What is the difference between taqiyah on the one hand and telling the truth to an oppressive sultan, hypocrisy, humiliation and misery, enjoining the good and forbidding evil?

Concise answer

Taqiyah (dissimulation or quietism) is a strategy for emergency situations and it is meant to protect human forces and not to endanger momeneen [believers] in petty and trivial matters. The principle of taqiyah is a part of the religion of Islam; it is rational and initiated by the Qur’an, confirmed by the traditions of the Prophet (S).  It is used as a rational and logical method by a believer who is in the state of combat against his mighty enemy.

Depending on various situations and occasions, taqiyah sometimes becomes obligatory, sometimes it is haram and other times it is simply allowable. Taqiyah becomes obligatory when one’s life is at risk and it is haram when it may cause falsehood and evil to spread and people to go astray and injustice to be consolidated.

Munafiq (hypocrite) is a religious hypocrite who outwardly practices Islam while inwardly concealing his disbelief whereas in fact taqiyah is defined as the opposite of munafiq. Showing oneself as being oppressed and humiliated takes place at a time when the individual embarks on concealing his beliefs owing to fear or cowardice whereas taqiyah does not mean weakness, fear and conservatism. In fact, it is often used as an effective means to combat tyrants, oppressors and the unjust.

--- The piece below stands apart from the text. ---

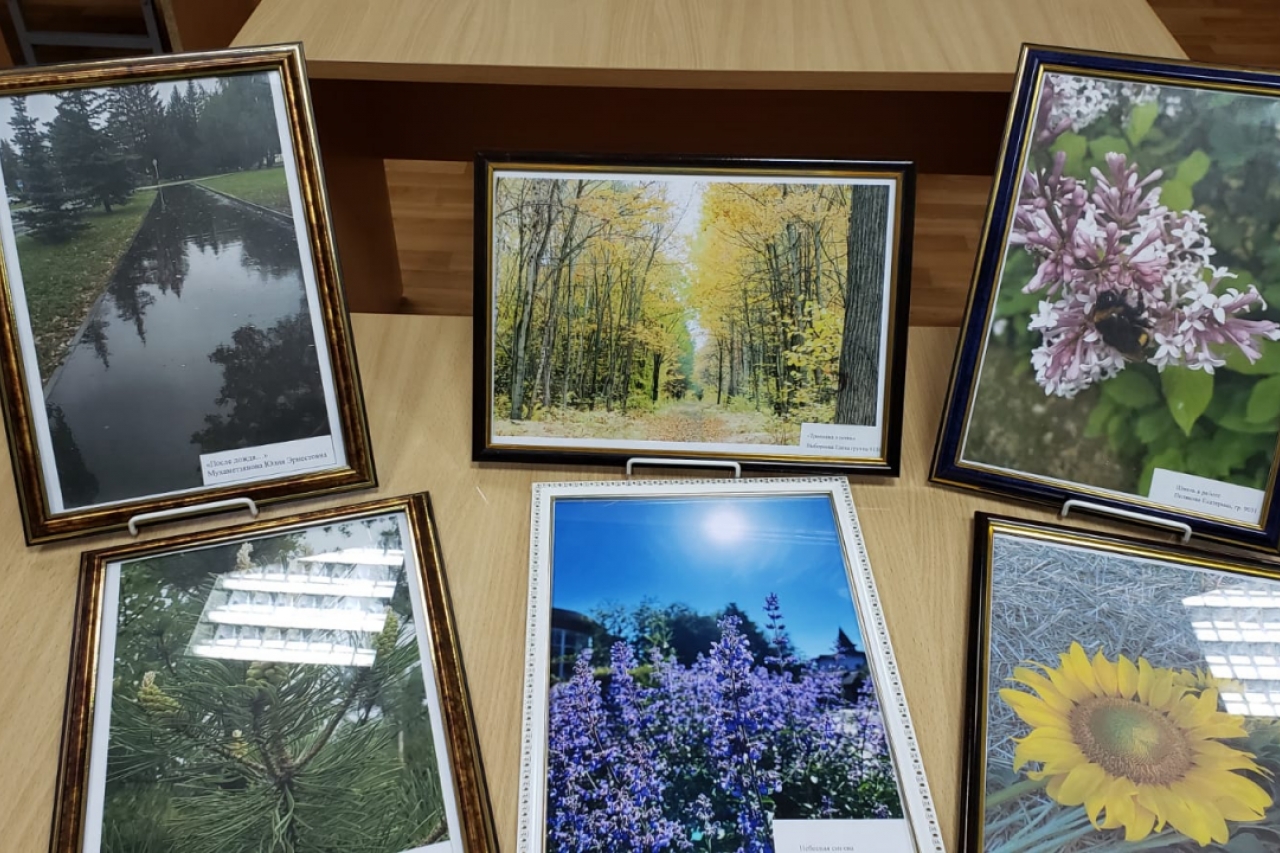 Фотовыставка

When it comes to enjoining good and forbidding evil, there is no doubt that one must use this method of promoting virtue with calculation, logic and in a thoughtful manner. Scholars who have studied in social areas, have said that the secrets behind the extinction of Kharijites in the early period of Islam was that they did not use logic in enjoining good and forbidding evil. They believed that it was not necessary to use taqiyah as a tactic to enjoin good and forbid evil.

Detailed Answer

Before dealing with the question at length, it is necessary to elaborate on the literal and technical meanings of taqiyah and its significations. Taqiyah literally means to avoid a harm or an injury. Technically, it means expressing peace and reconciliation even if one may internally act against it.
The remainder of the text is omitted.